The cost of asking the wrong question

Every year, organisations invest in leadership assessments and walk away with beautifully formatted reports that say very little about whether the person will actually lead well. The problem is rarely the tool. It is the question behind the purchase.

Most assessments answer the question: who is this person? That is a legitimate question. But the question most buyers actually need answered is different: what will this person do when it counts? Those are not the same question, and no single instrument answers both equally well.

This is not an argument against psychometrics. It is an argument for clarity about purpose. Choosing the wrong tool for the job is not merely an academic concern. It shapes who gets promoted, who receives coaching, and which capability investments your organisation makes. The stakes are real.

What psychometric and behavioural assessments actually measure

The distinction between psychometric and behavioural assessment is frequently collapsed into a vague preference debate. It should not be. The two approaches measure genuinely different things.

Psychometric assessments measure stable psychological constructs: personality traits, cognitive styles, values, motivational drivers. They are self-reported, normed against reference populations, and designed to be consistent across time. When a leader completes a personality inventory, they are providing a description of how they tend to perceive themselves and the world.

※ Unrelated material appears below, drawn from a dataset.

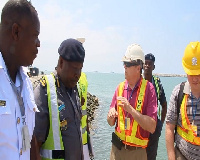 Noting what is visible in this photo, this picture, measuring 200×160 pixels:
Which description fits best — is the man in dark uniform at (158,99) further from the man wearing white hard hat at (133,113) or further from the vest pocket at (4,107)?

The data is rich, especially for understanding patterns that sit below the surface of day-to-day behaviour.

Behavioural assessments observe or simulate what a person does. This includes structured observation tools, 360-degree feedback instruments, situational judgement tests, and scenario-based simulations. Rather than asking how you describe yourself, they ask: what did you actually do, or what would you do, in this specific situation? The data is more directly predictive of performance because it is grounded in action.

Neither approach is categorically superior. Psychometrics offer depth and developmental richness. Behavioural tools offer proximity to performance. The mistake most organisations make is not choosing one over the other. It is using a psychometric tool in isolation and expecting it to do a behavioural tool's job.

A personality profile cannot tell you whether a leader will hold a difficult conversation with a direct report next Tuesday. It can tell you something about their tendencies around conflict, discomfort, and relational courage. That is valuable. But it is a starting point for interpretation, not a prediction.

The isolation mistake

When organisations treat a single psychometric score as a hiring or promotion decision, they are asking a description to carry the weight of a prediction. The research on this is consistent. Schmidt and Hunter's 1998 meta-analysis, still widely referenced in industrial-organisational psychology, placed unstructured personality assessment near the bottom of predictors of job performance. Structured assessments combined with work-sample tests and cognitive ability measures performed significantly better.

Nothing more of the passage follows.